═══ EXERCISE INPUT

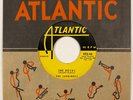 Atlantic 972 The Cardinals - She Rocks / The Bump, R&B 7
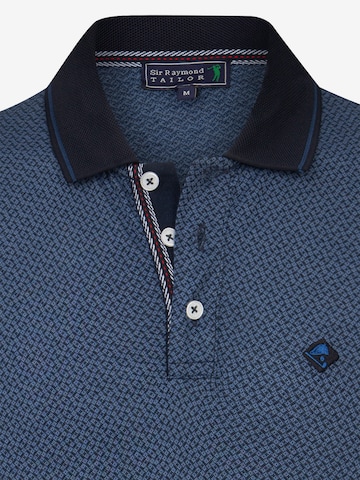 Sir Raymond Tailor Shirt 'Felio' in Blue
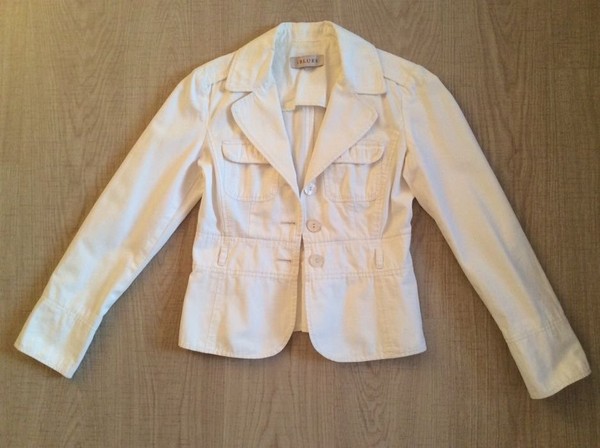 Women iBlues Blazer Cotton 36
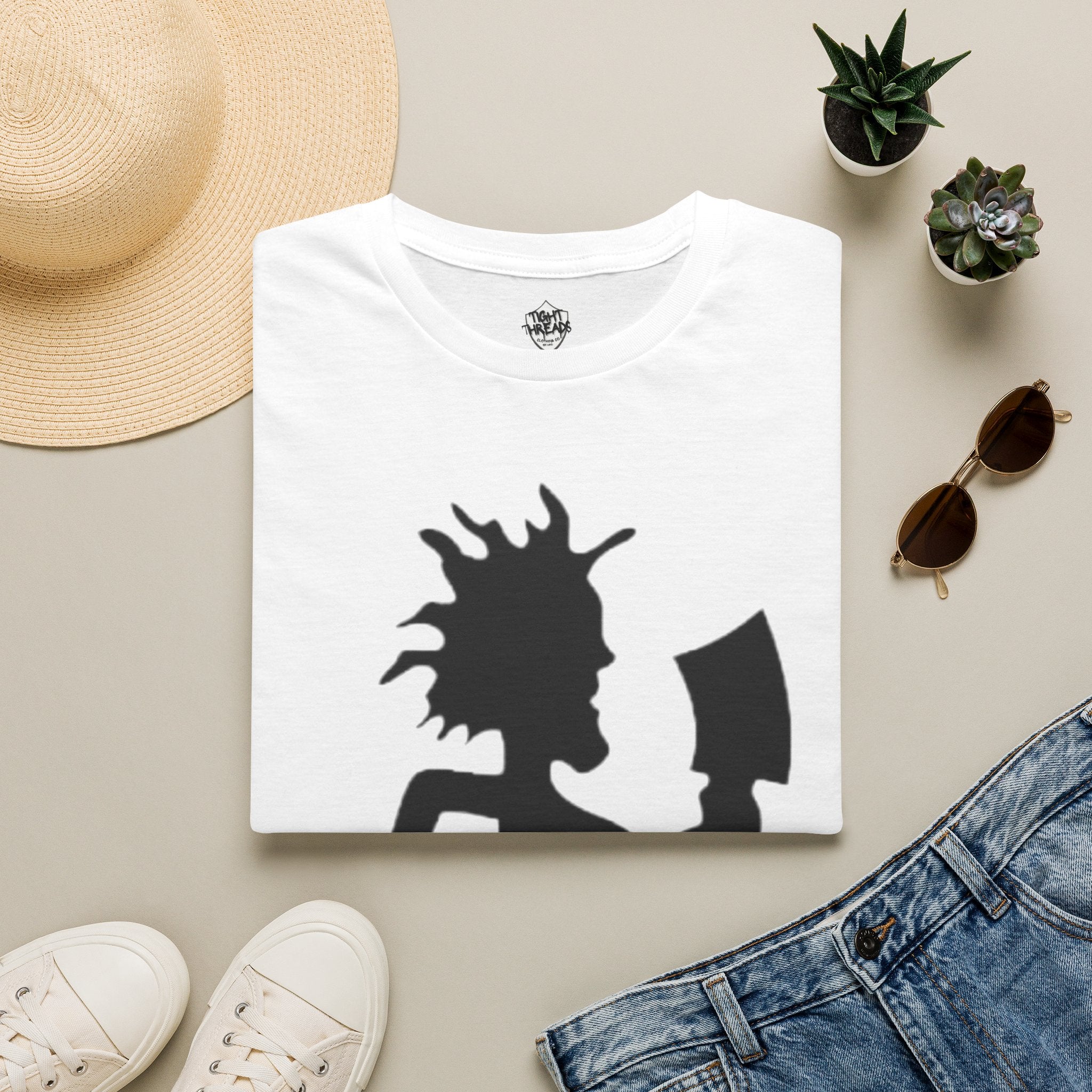Hatchet-Man T-Shirt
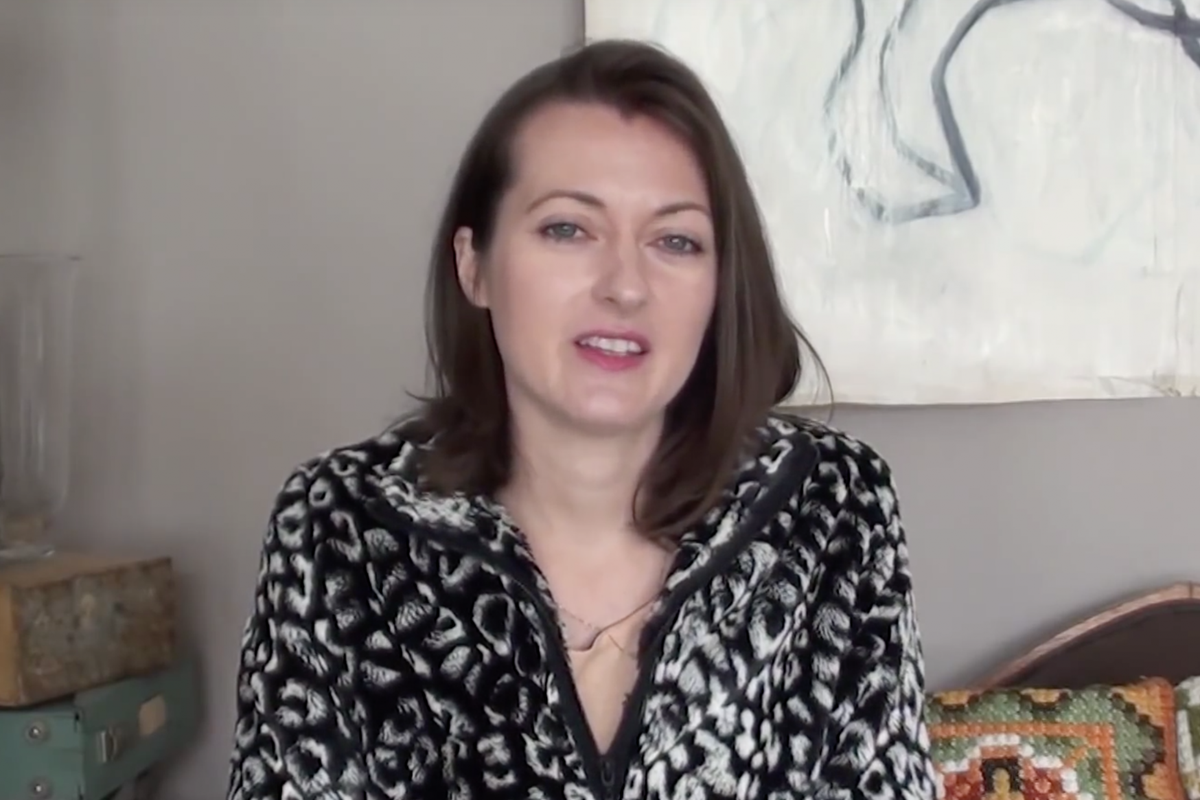 How changing your voice can help you find love - speech specialist ...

══════

◆ **ASSIGNMENT**
An exact copy of all the data above is required; omit any pictures.

◆ **PROBLEM SOLUTION**
 Atlantic 972 The Cardinals - She Rocks / The Bump, R&B 7
 Sir Raymond Tailor Shirt 'Felio' in Blue
 Women iBlues Blazer Cotton 36
Hatchet-Man T-Shirt
 How changing your voice can help you find love - speech specialist ...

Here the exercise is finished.